After reading the newly publicly available dossier detailing historic rape allegations against the former attorney-general, Victor Kline and party member for Robertson, Vania Holt, have announced that they have launched a private legal case. Both have extensive experience in this space, having left prosecutor roles in favour of politics.
While Mr Kline will not run the legal action – opting instead to stay apart so that he could continue commenting on the allegations – Ms Holt will be taking on the role of instructing solicitor, assisted by new law graduate Eric Zhang. They will work with criminal barrister Mark Higgins and senior sex crimes detective Susan Campbell.
“For those who say we are prosecuting [Mr] Porter for political gain, be assured we are doing it for [AB] and for the justice of the situation, which screams out for it. And for every single woman whom ‘the Honourable’ swinging dicks have humiliated and abused inside and outside of Parliament,” Mr Kline tweeted recently.
The woman at the centre of the allegations – known as AB to the courts at request of her family – took her life last year after withdrawing a statement made to police. The dossier in full was recently released by the Federal Court following the conclusion of legal action launched against Christian Porter’s barrister, Sue Chrysanthou.

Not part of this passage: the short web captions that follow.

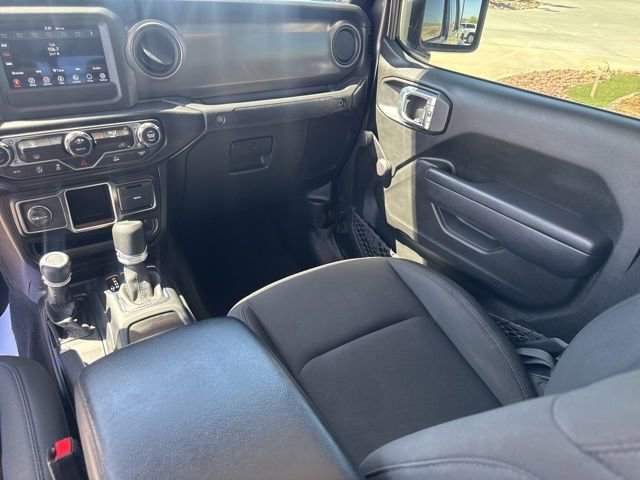 Certified 2022 Jeep Gladiator Sport AWD/4WD image 17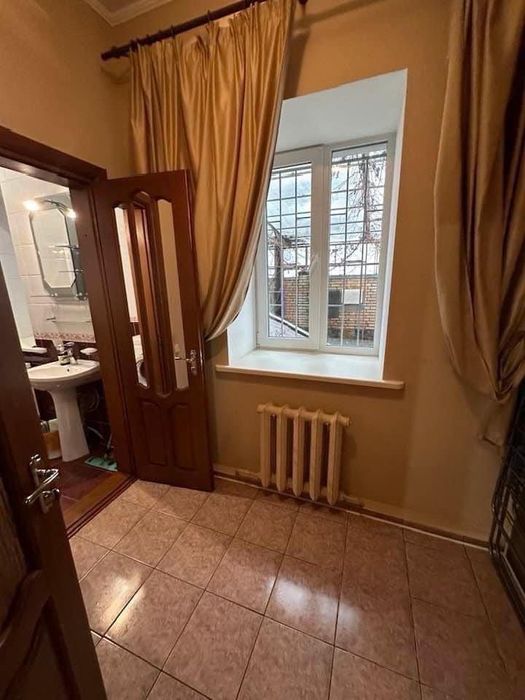 Оренда частини будинку ЦЕНТР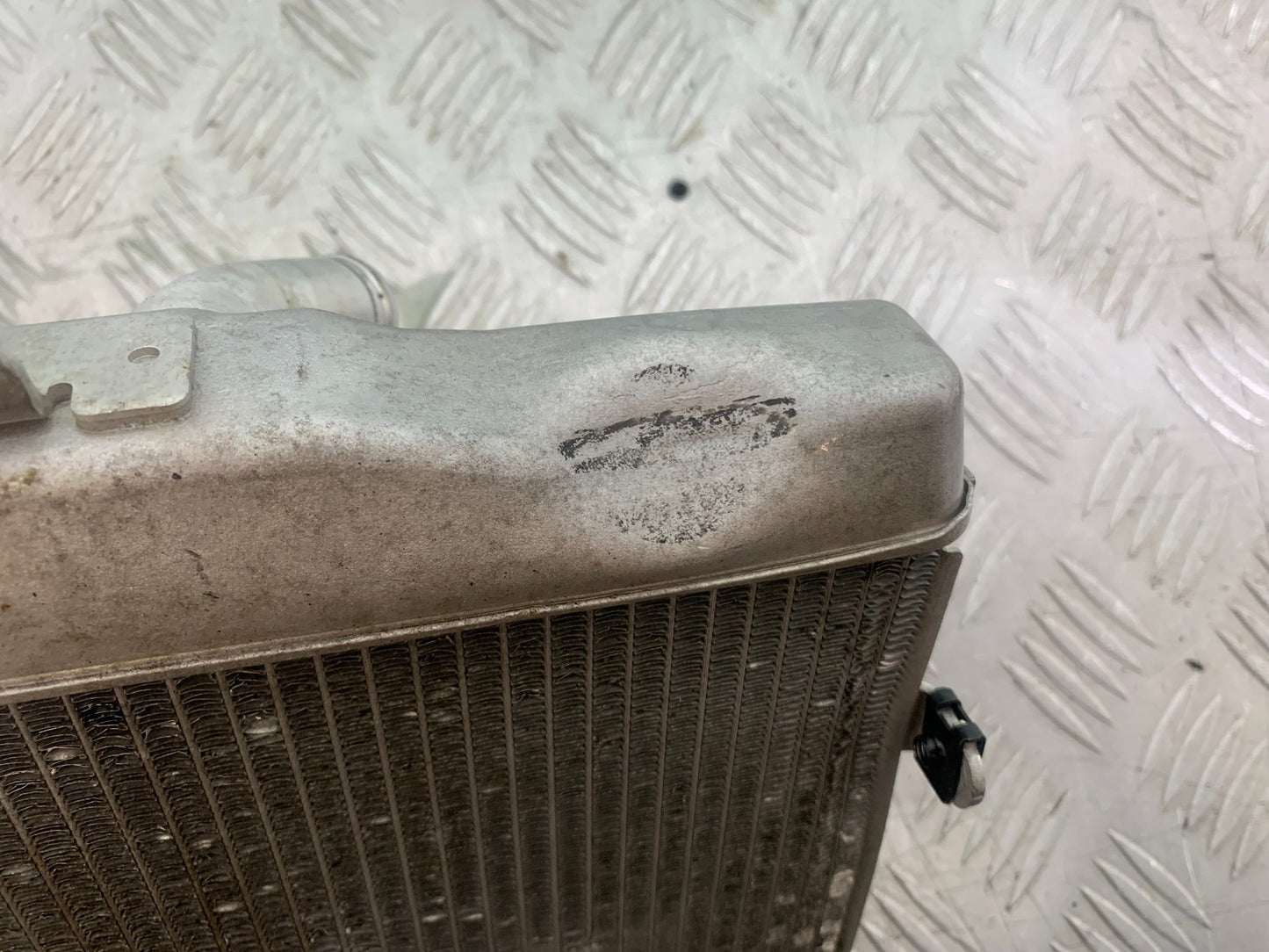 YAMAHA YZF R7 RADIATOR  YEAR 2022-2025 (CMB1255)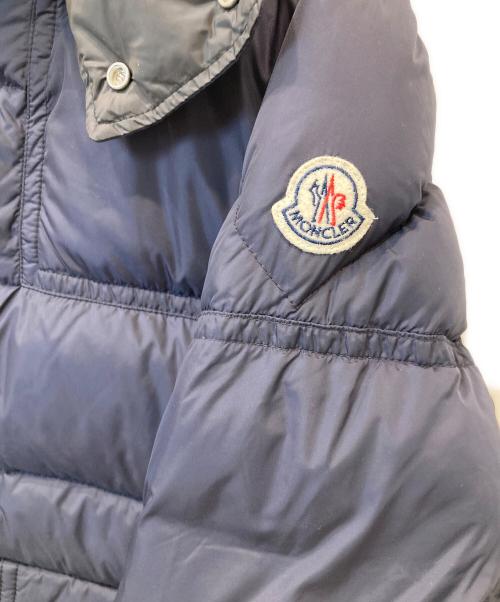 MONCLER（モンクレール）MONCLER (モンクレール) BRELダウンジャケット A20914189505 ネイビーの古着・服飾アイテム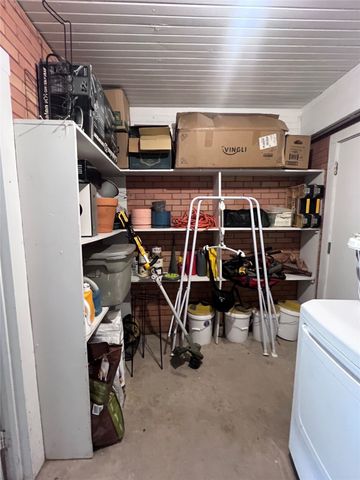 204 Mount Sylvan Street, Lindale, TX 75771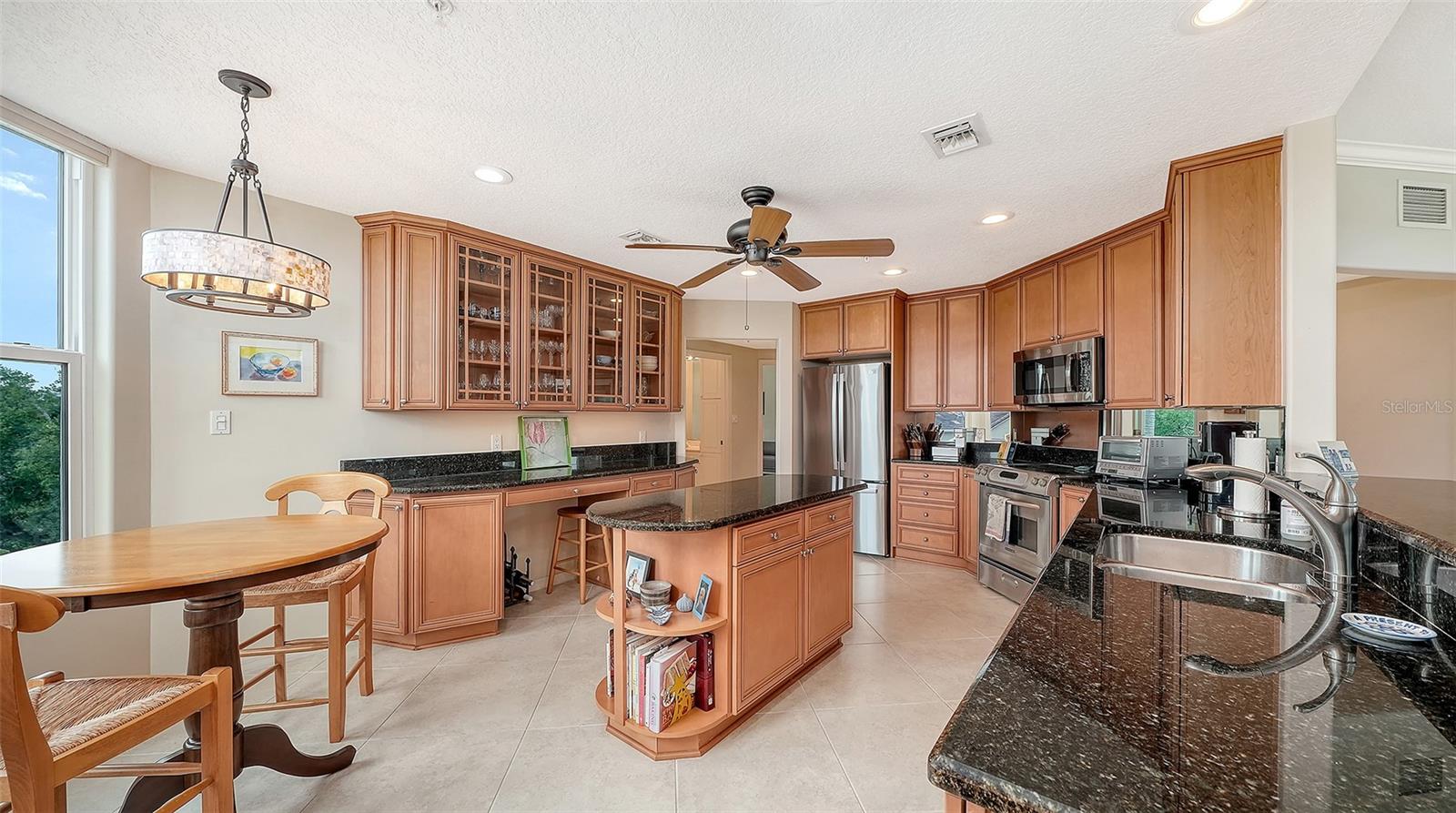 5420 EAGLES POINT CIR #206 — photo 8
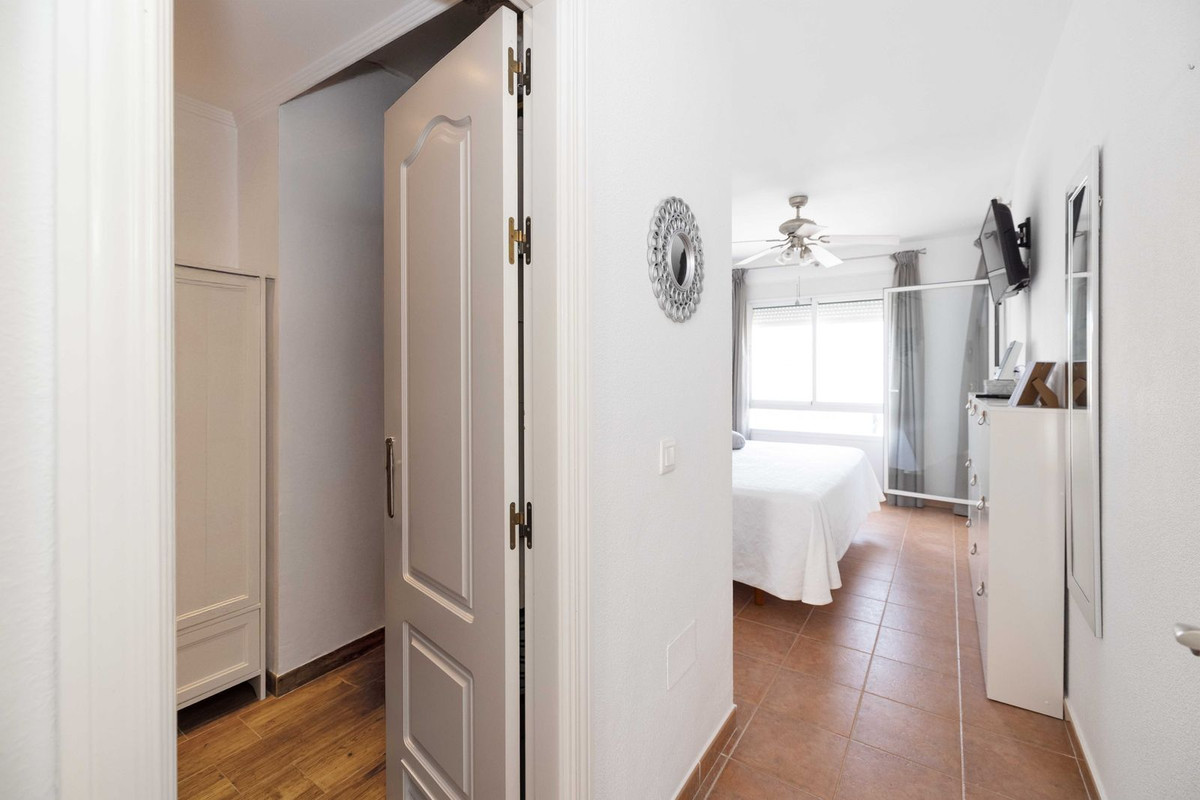 3a43aade3770e19ff3f68eb86f64d203 - 12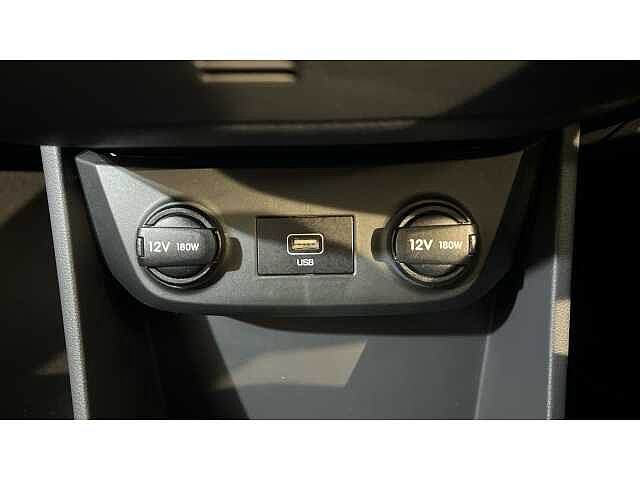 Hyundai Ioniq IONIQ 100kW Premium 38kWh 5dr Auto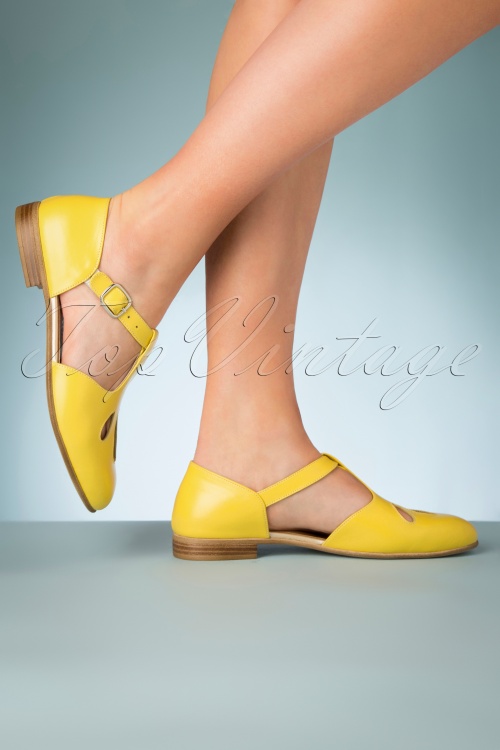 La Veintinueve - 60s Janis Leather Flats in Yellow 3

In the dossier, AB alleged she had been raped three times by Mr Porter in the early hours of 10 January 1988 and questioned whether date-rape drugs were used. The allegations have been strenuously denied by Mr Porter, who has recently launched appeal documents to reinstate Ms Chrysanthou’s ability to act for him.
In an opinion piece, Mr Kline said that as former prosecutors, he and Ms Holt knew that the strongest piece of evidence in many cases is something the accused might have said inadvertently during a police interview. This, he added, was “about as standard practice as there can be in a criminal case” but is missing in this instance.
“It didn’t make sense. But what did make sense was that justice demanded this case follow due process and go before a judge and jury. And what was entirely obvious was that no one in the police authorities in NSW was going to make that happen,” Mr Kline wrote, adding that the police had failed to give the NSW Department of Public Prosecutions the opportunity to “do their job” by shutting down a “strong” case.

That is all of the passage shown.